Stored records:
______________________________

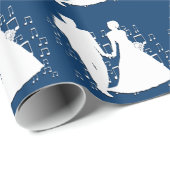 ウェディングプランナー事業テーマ収集 ラッピングペーパー (ロールコーナー)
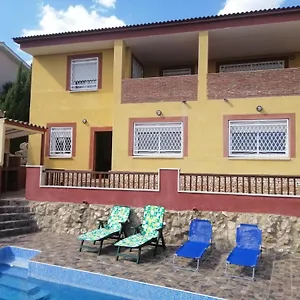 Noguera Сasa de vacaciones Vespellà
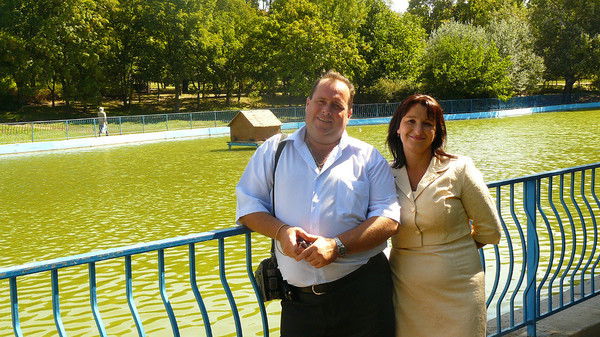 Виталий Карбовский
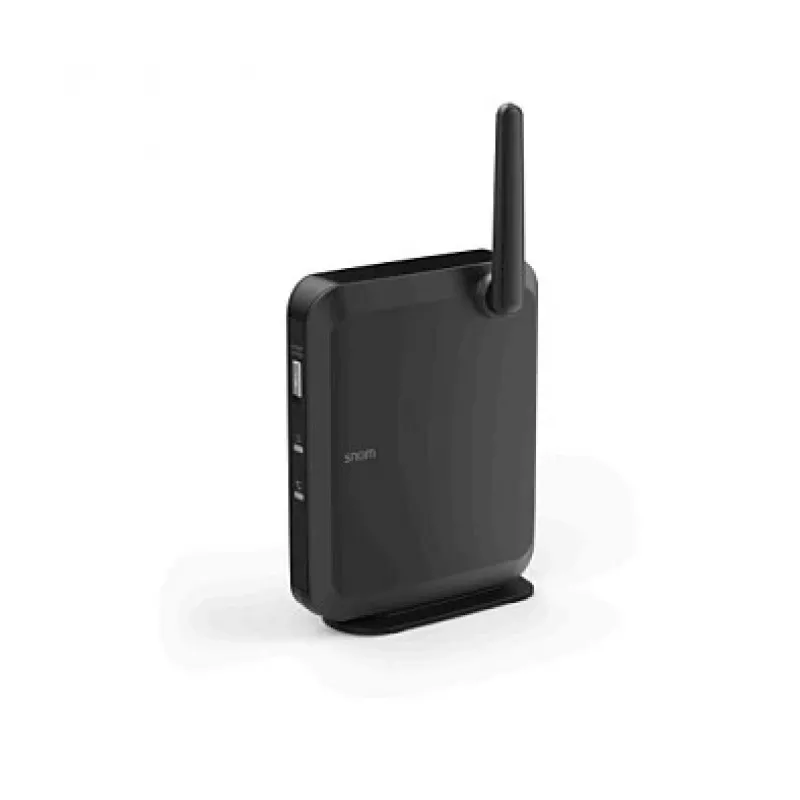Snom M110 SC DECT balík so slúchadlom, čierny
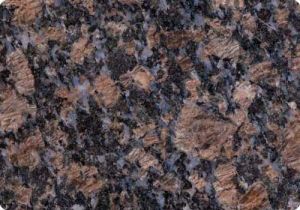 Sapphire Brown Granite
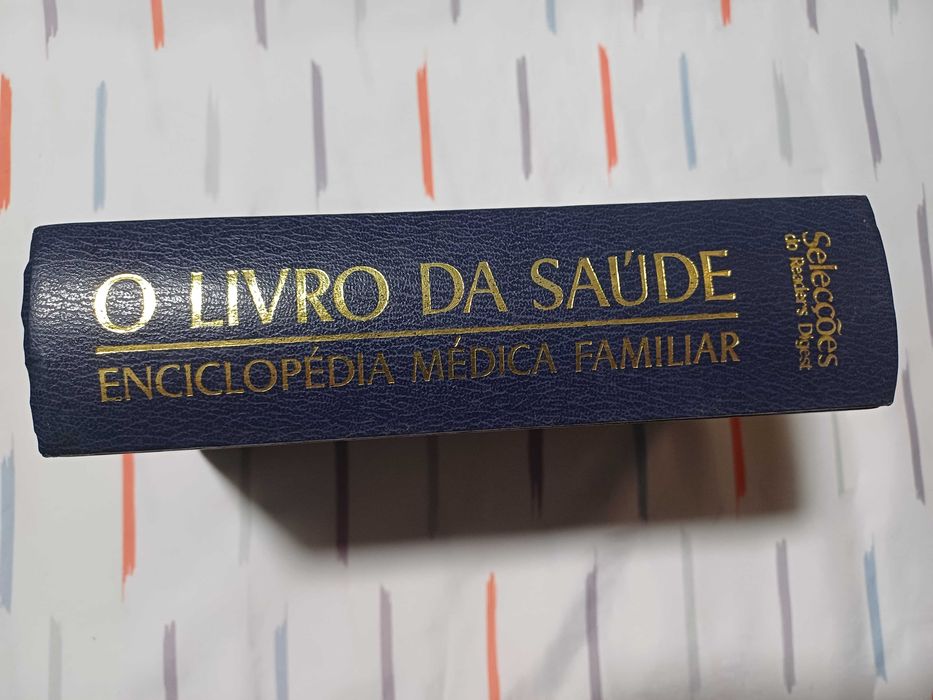 O Livro da Saúde - Enciclopédia Médica Familiar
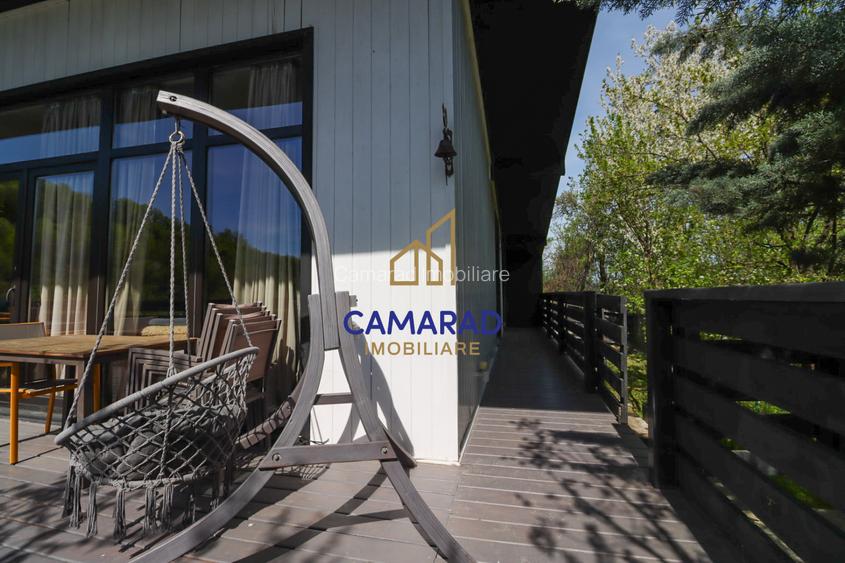 Vila vedere panoramica de vânzare - investitie - Provita de Jos, Prahova - 14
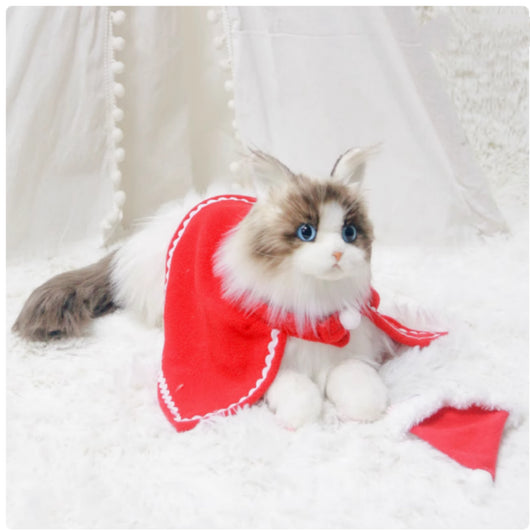 Gato de Peluche Realista - Juguete Suave y Adorable - Image 11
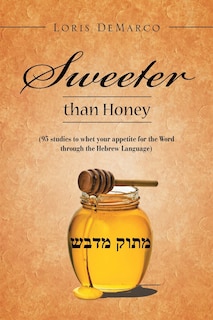 Couverture_Sweeter Than Honey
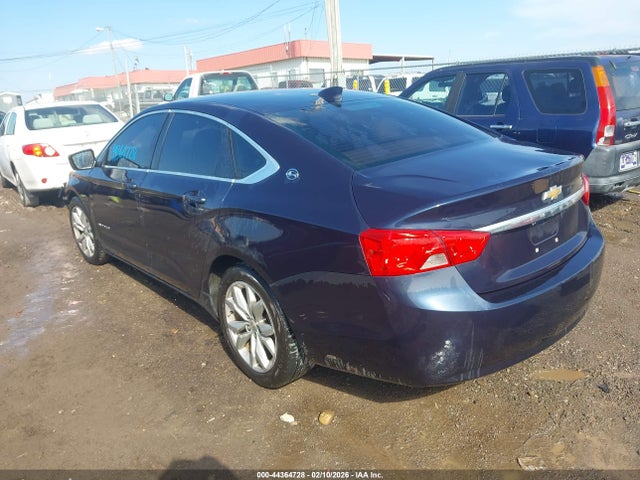 2G11Z5SA4H9101890 Chevrolet IMPALA LS
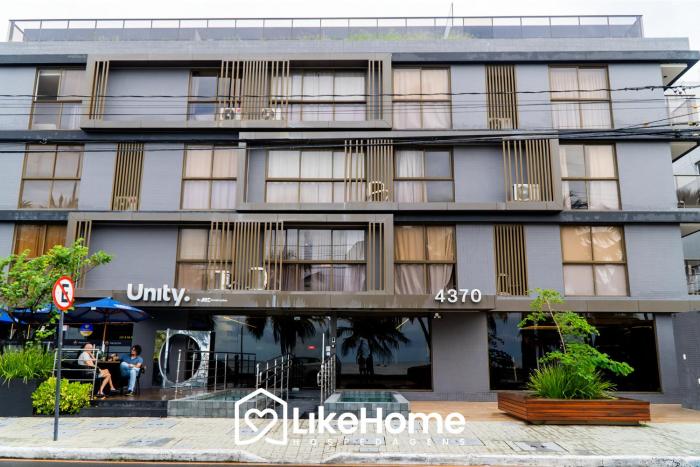 Unity Cabo Branco - LikeHome Hospedagens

______________________________

Assignment: Keep every word of the records and none of the pictures when you print them again.

Output below:
 ウェディングプランナー事業テーマ収集 ラッピングペーパー (ロールコーナー)
 Noguera Сasa de vacaciones Vespellà
 Виталий Карбовский
Snom M110 SC DECT balík so slúchadlom, čierny
 Sapphire Brown Granite
 O Livro da Saúde - Enciclopédia Médica Familiar
 Vila vedere panoramica de vânzare - investitie - Provita de Jos, Prahova - 14
 Gato de Peluche Realista - Juguete Suave y Adorable - Image 11
 Couverture_Sweeter Than Honey
 2G11Z5SA4H9101890 Chevrolet IMPALA LS
 Unity Cabo Branco - LikeHome Hospedagens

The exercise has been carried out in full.